Gesellschaft des Respekts
Ansonsten betont Scholz, er wolle eine »Gesellschaft des Respekts«. Diese könne erreicht werden, wenn es etwa mehr Anerkennung für Arbeiterberufe und Pflegende gebe. Außerdem verspricht Scholz, unter anderem gegen niedrige Löhne, explodierende Mieten und harte Arbeitsbedingungen ohne Tarifverträge vorgehen zu wollen. »Diese Missstände sind Gift für den Zusammenhalt in unserem Land«, erklärt er.
Wenn Scholz tatsächlich nach der Bundestagswahl am 26. September neuer Kanzler werden sollte, sind aber keine großen Schritte von ihm zu erwarten. Scholz lobt unter anderem das Lieferkettengesetz der Bundesregierung. Dabei fehlt nach Angaben der Linksfraktion eine zivilrechtliche Haftung. Hinzu kommt, dass für Plantagen oder Minen, wo die meisten Menschenrechtsverletzungen passieren, keine vollumfänglichen Sorgfaltspflichten gelten, hatte die Linke-Politikerin Eva-Maria Schreiber im Juni kritisiert.
In der nach seiner Rede folgenden Diskussionsrunde muss sich Scholz einigen Fragen stellen. DIW-Chef Marcel Fratzscher weist darauf hin, dass das derzeitige Rentensystem Menschen benachteilige, die hart arbeiten und wenig verdienen. Denn sie bekommen eine niedrigere Rente und sterben früher. Deswegen will Fratzscher mit Scholz über Lebensarbeitszeit und Renteneintrittsalter diskutieren. Doch der SPD-Mann flüchtet sich in lobende Worte über die von der Koalition beschlossene Grundrente, die immerhin vielen langjährig Versicherten hilft.

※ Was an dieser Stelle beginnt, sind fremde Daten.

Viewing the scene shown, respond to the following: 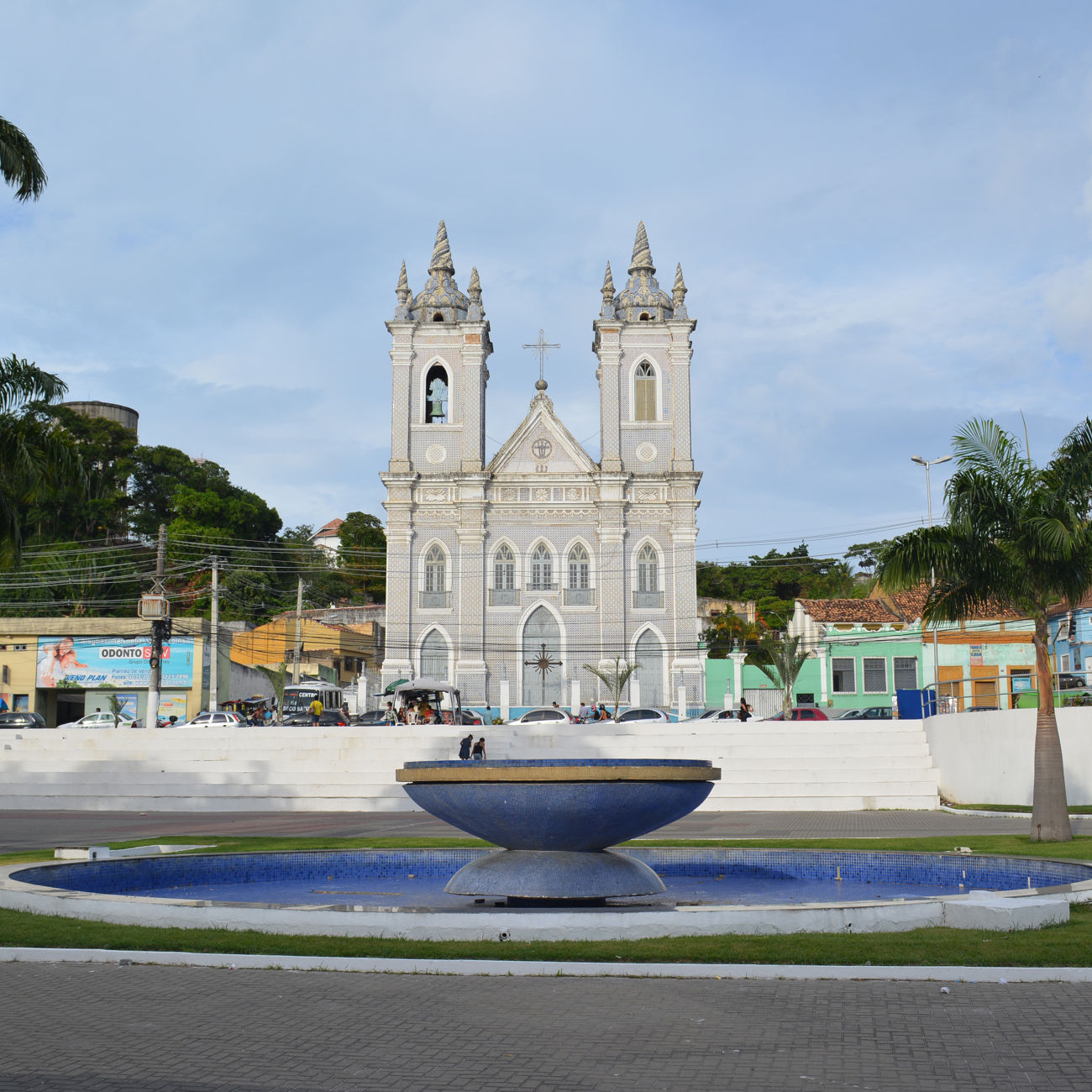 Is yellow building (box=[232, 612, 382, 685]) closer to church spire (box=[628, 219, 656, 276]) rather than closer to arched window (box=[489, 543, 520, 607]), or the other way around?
arched window (box=[489, 543, 520, 607])

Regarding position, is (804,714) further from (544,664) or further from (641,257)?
(641,257)

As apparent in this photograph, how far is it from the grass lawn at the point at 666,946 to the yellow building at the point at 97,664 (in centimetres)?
3942

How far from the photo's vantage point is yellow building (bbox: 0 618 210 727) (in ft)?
152

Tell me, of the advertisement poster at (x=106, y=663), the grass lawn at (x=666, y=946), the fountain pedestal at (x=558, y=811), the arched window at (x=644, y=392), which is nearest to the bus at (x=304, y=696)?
the advertisement poster at (x=106, y=663)

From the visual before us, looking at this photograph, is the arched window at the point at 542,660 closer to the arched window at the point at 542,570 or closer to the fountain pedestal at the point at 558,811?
the arched window at the point at 542,570

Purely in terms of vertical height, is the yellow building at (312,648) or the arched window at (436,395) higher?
the arched window at (436,395)

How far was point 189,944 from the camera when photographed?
25.3ft

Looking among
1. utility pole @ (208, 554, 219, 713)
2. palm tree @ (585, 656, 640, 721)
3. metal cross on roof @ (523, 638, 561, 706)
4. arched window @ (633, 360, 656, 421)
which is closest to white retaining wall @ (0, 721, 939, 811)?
utility pole @ (208, 554, 219, 713)

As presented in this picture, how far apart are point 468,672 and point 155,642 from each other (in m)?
16.7

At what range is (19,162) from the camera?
1631 cm

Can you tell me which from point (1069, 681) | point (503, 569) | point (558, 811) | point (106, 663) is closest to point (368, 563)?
point (503, 569)

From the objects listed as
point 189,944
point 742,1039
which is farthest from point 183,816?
point 742,1039

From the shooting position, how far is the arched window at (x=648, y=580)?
48.6m

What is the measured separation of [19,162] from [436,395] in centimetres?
3517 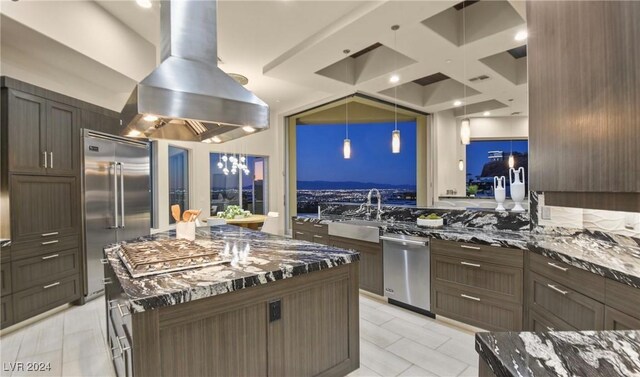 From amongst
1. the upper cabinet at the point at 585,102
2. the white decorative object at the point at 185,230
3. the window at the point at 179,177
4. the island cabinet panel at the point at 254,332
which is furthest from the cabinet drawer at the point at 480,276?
the window at the point at 179,177

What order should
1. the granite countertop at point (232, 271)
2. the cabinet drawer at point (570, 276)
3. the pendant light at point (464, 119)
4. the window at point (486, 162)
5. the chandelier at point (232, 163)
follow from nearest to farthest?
the granite countertop at point (232, 271) → the cabinet drawer at point (570, 276) → the pendant light at point (464, 119) → the chandelier at point (232, 163) → the window at point (486, 162)

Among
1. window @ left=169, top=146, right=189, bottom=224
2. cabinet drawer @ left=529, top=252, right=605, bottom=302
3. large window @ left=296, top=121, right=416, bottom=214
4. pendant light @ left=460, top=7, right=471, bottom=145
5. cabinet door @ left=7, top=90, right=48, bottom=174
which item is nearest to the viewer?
cabinet drawer @ left=529, top=252, right=605, bottom=302

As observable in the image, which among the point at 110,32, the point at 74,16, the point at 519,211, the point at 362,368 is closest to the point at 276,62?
the point at 110,32

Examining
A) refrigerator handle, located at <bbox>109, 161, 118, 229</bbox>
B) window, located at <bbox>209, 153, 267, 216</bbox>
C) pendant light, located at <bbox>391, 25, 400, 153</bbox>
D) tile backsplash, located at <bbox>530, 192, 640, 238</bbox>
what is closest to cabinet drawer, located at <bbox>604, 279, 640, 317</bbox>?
tile backsplash, located at <bbox>530, 192, 640, 238</bbox>

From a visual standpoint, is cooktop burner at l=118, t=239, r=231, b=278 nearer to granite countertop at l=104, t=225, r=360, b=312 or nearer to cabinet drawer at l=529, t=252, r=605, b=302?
granite countertop at l=104, t=225, r=360, b=312

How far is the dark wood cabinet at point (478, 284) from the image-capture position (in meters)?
2.48

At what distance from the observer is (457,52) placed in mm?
4020

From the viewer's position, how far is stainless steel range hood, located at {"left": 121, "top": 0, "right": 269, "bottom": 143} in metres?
1.73

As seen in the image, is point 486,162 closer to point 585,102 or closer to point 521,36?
point 521,36

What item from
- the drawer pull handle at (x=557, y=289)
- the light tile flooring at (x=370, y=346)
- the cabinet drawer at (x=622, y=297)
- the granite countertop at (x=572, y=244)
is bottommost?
the light tile flooring at (x=370, y=346)

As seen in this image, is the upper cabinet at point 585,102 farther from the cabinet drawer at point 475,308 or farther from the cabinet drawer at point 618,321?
the cabinet drawer at point 475,308

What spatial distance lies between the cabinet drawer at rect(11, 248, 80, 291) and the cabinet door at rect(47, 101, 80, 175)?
91cm

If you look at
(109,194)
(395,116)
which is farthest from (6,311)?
(395,116)

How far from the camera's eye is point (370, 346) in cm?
260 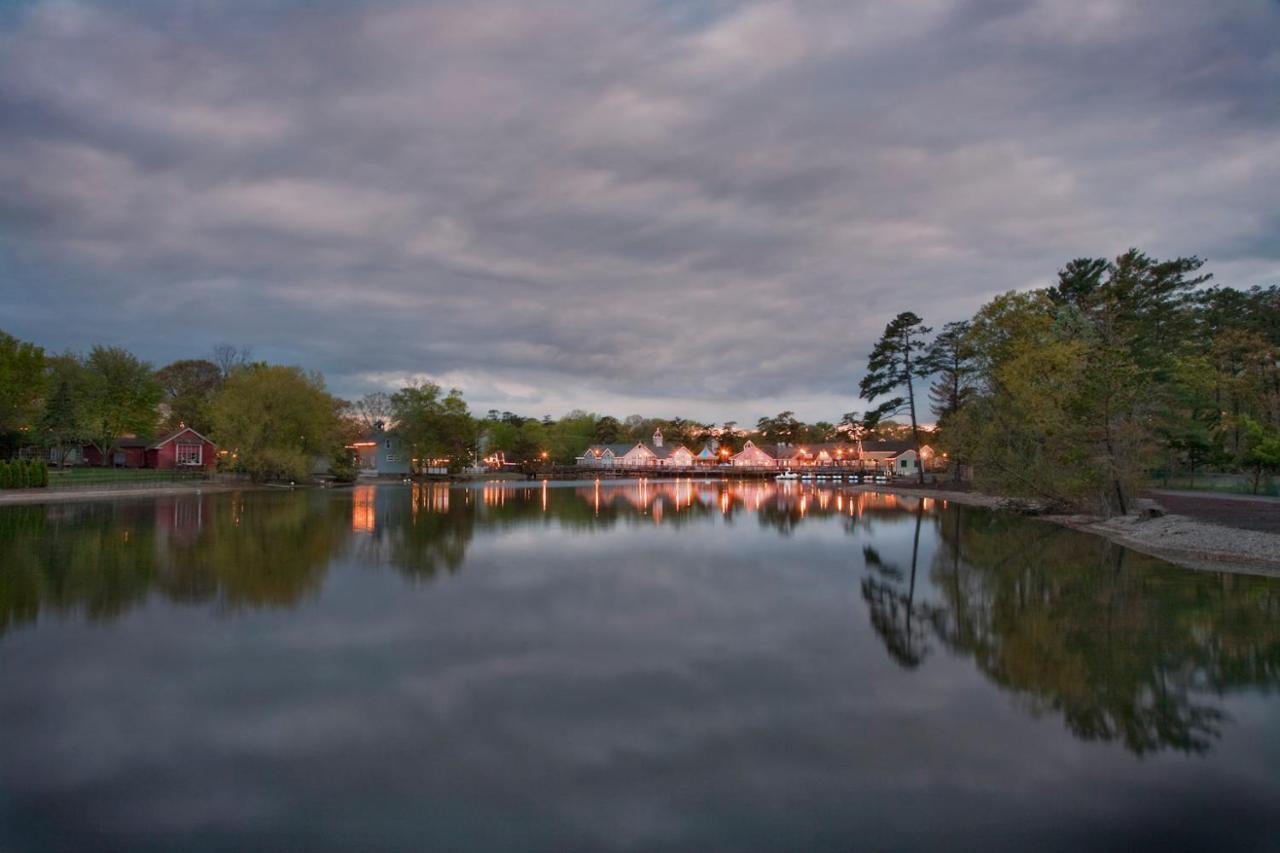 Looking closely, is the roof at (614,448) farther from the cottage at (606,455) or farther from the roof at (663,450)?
the roof at (663,450)

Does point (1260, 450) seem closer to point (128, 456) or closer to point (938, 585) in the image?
point (938, 585)

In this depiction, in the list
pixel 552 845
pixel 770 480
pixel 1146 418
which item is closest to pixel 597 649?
pixel 552 845

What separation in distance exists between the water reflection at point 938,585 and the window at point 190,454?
36.1 meters

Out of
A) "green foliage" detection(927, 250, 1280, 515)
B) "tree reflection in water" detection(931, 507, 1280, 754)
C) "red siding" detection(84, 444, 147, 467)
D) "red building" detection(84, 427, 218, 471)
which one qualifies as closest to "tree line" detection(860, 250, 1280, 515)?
"green foliage" detection(927, 250, 1280, 515)

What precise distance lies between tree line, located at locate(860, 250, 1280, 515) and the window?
192ft

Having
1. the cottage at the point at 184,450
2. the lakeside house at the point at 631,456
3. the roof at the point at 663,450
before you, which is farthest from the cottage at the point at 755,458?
the cottage at the point at 184,450

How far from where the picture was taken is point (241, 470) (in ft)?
188

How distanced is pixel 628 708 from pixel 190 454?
226ft

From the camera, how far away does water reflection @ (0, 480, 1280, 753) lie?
30.0 ft

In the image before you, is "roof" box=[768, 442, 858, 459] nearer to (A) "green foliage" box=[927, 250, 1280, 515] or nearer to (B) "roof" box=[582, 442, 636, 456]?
(B) "roof" box=[582, 442, 636, 456]

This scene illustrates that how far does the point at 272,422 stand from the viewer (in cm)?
5328

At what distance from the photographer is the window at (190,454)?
6544 centimetres

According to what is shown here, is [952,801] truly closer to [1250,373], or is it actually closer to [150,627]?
[150,627]

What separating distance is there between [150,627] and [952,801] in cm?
1068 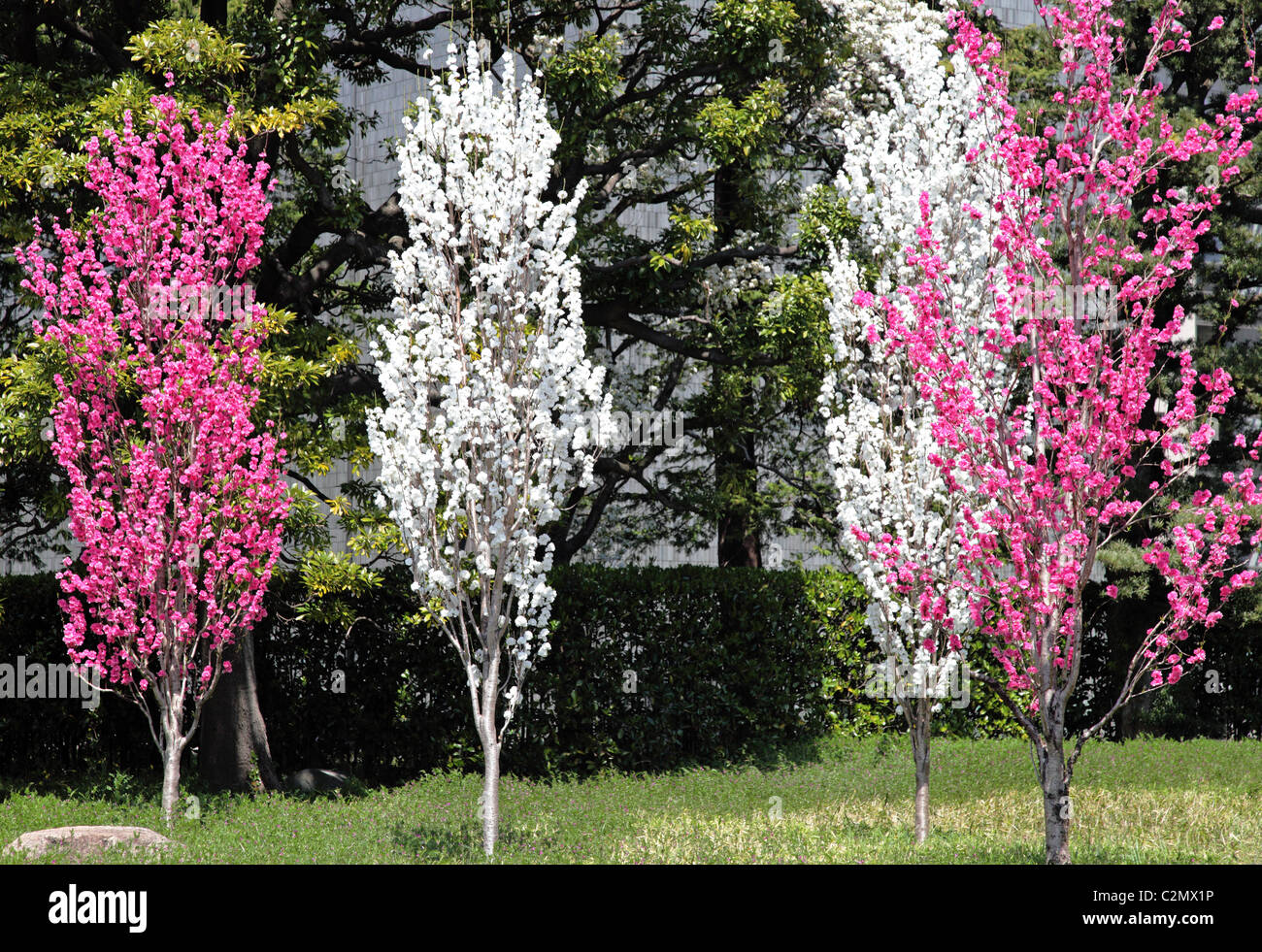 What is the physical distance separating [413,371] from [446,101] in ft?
6.47

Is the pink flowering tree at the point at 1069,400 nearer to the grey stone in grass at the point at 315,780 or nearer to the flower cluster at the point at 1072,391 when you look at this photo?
the flower cluster at the point at 1072,391

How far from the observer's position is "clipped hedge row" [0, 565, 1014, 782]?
12148mm

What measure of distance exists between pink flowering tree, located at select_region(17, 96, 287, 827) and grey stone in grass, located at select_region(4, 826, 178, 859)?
3.08 ft

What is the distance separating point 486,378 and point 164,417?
3076mm

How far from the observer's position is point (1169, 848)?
8297mm

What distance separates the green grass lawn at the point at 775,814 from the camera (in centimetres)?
823

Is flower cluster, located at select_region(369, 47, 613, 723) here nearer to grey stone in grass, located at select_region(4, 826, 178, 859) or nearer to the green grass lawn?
the green grass lawn

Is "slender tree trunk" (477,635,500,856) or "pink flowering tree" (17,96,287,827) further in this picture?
"pink flowering tree" (17,96,287,827)

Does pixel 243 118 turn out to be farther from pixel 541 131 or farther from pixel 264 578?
A: pixel 264 578

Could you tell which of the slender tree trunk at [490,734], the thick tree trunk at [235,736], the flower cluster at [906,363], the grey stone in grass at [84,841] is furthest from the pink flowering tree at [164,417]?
the flower cluster at [906,363]

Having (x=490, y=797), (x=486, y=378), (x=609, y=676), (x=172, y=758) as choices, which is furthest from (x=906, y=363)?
(x=172, y=758)

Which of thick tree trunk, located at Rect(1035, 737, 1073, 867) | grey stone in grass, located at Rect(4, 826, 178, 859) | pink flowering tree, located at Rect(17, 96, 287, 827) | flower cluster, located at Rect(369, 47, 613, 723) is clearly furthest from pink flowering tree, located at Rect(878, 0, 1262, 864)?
grey stone in grass, located at Rect(4, 826, 178, 859)

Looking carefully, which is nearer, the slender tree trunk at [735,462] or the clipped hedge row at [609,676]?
the clipped hedge row at [609,676]

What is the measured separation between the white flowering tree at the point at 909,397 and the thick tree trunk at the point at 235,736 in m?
6.24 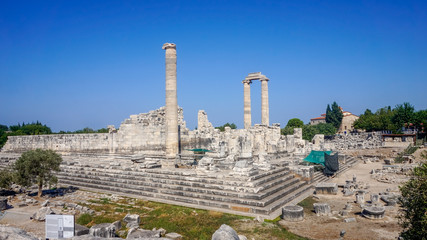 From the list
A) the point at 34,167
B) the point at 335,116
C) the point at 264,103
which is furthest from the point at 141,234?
the point at 335,116

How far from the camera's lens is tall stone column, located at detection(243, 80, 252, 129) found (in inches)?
1043

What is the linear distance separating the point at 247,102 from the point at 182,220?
18.1m

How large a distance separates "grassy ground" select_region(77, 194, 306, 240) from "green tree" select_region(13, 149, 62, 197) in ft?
7.30

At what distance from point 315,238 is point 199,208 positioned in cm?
413

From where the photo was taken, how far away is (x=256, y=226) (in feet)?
29.5

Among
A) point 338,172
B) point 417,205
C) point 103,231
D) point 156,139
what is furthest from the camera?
point 156,139

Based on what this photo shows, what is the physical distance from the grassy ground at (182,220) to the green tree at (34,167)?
2.23 metres

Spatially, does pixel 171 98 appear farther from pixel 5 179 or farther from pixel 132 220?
pixel 132 220

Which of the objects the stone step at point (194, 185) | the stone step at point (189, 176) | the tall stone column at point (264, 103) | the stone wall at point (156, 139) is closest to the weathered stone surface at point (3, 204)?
the stone step at point (194, 185)

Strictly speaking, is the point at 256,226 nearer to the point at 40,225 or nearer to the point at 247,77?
the point at 40,225

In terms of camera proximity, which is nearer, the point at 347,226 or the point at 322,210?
the point at 347,226

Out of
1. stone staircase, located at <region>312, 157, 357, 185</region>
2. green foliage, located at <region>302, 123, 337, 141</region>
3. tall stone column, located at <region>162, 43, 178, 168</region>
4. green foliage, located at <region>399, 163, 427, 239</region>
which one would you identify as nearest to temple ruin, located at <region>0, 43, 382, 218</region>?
tall stone column, located at <region>162, 43, 178, 168</region>

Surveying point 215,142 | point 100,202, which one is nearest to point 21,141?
point 215,142

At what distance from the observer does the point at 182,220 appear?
951 cm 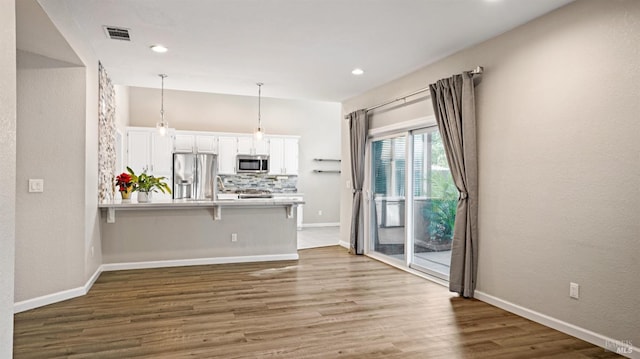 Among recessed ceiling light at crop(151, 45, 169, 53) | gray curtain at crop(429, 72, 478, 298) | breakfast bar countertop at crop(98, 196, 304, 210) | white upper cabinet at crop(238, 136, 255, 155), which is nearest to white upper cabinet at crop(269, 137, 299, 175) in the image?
white upper cabinet at crop(238, 136, 255, 155)

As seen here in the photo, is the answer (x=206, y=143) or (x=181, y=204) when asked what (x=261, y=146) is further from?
(x=181, y=204)

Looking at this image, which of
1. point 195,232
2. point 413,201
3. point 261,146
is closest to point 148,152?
point 261,146

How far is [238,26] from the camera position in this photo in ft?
11.9

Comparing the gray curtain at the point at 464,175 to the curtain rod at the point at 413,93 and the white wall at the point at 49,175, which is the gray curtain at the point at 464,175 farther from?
the white wall at the point at 49,175

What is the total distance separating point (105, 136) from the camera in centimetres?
534

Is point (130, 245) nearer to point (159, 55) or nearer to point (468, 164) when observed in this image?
point (159, 55)

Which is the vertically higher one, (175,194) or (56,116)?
(56,116)

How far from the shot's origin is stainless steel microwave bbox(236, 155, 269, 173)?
898 cm

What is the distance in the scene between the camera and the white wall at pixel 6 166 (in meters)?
1.77

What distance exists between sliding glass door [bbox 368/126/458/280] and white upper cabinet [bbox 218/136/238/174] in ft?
12.9

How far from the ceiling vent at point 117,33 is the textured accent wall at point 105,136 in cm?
102

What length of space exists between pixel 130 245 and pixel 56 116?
2.00m

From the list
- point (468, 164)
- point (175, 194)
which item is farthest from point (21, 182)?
point (175, 194)

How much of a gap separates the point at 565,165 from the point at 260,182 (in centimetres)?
726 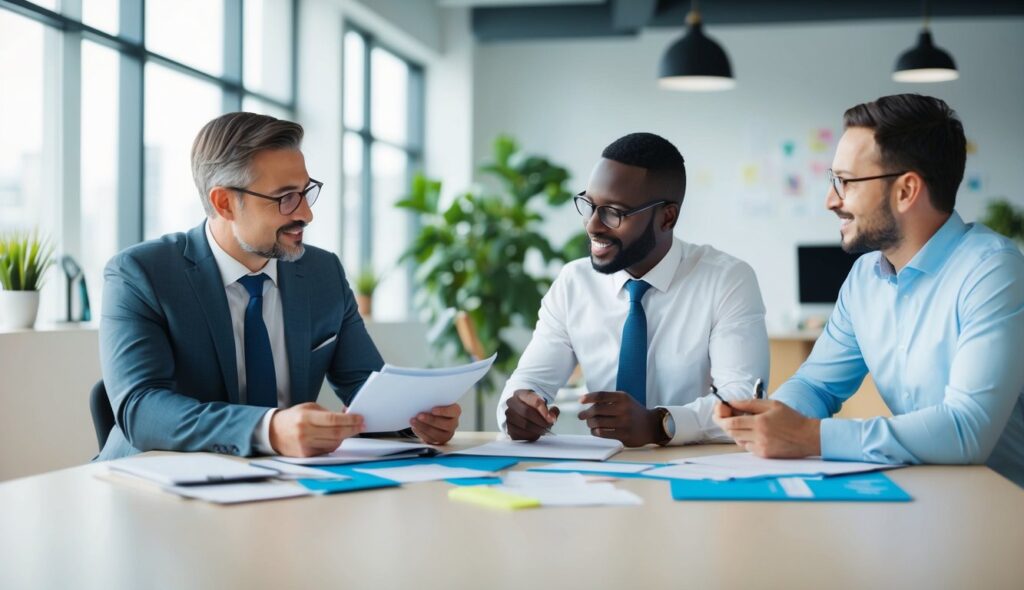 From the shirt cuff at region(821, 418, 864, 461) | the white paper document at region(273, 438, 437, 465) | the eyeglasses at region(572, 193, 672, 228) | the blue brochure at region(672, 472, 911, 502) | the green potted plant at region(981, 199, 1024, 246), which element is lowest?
the white paper document at region(273, 438, 437, 465)

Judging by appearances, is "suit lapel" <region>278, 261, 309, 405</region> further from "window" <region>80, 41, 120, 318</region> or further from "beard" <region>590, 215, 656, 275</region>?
"window" <region>80, 41, 120, 318</region>

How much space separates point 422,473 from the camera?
1619 millimetres

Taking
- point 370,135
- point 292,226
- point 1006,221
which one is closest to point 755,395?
point 292,226

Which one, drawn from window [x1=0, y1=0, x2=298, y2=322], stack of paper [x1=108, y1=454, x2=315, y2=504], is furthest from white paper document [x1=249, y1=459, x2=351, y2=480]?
window [x1=0, y1=0, x2=298, y2=322]

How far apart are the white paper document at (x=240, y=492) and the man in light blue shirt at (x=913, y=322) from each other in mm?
744

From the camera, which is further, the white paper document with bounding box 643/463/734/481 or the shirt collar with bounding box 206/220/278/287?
the shirt collar with bounding box 206/220/278/287

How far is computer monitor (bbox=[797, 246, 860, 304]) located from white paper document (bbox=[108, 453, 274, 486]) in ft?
18.7

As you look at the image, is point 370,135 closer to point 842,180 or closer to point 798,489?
point 842,180

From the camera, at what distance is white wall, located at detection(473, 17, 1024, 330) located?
24.5 feet

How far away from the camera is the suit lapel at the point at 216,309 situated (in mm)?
2068

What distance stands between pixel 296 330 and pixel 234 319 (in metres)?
0.13

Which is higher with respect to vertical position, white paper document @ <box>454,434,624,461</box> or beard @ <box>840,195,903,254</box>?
beard @ <box>840,195,903,254</box>

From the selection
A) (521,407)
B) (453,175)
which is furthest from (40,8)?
(453,175)

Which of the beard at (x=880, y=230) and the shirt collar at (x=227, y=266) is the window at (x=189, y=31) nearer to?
the shirt collar at (x=227, y=266) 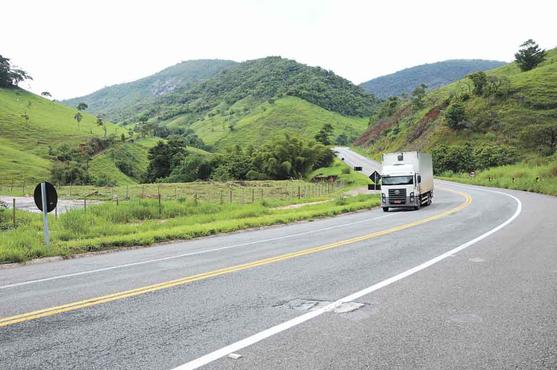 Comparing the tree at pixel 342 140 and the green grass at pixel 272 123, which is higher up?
the green grass at pixel 272 123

Am Ende gibt sich Scholz selbstironisch. Wie er vier Jahre Kanzlerschaft bilanzieren würde? »Ganz ordentlich gelaufen. Das ist in Hamburg, wo ich herkomme, das Maximum.« Scholz grinst. Menschen im Publikum und auf der Bühne lachen. Vielleicht ist es auch seine trockene Art, die Scholz in den Umfragen Pluspunkte einbringt und ihn zum derzeit beliebtesten Kandidaten macht. Sie erinnert zuweilen an den Stil von Amtsinhaberin Angela Merkel. Das DIW hat auch die Konkurrenten des SPD-Politikers eingeladen. Annalena Baerbock von den Grünen ist am 20. August zu Gast, CDU-Chef Armin Laschet am 24. August.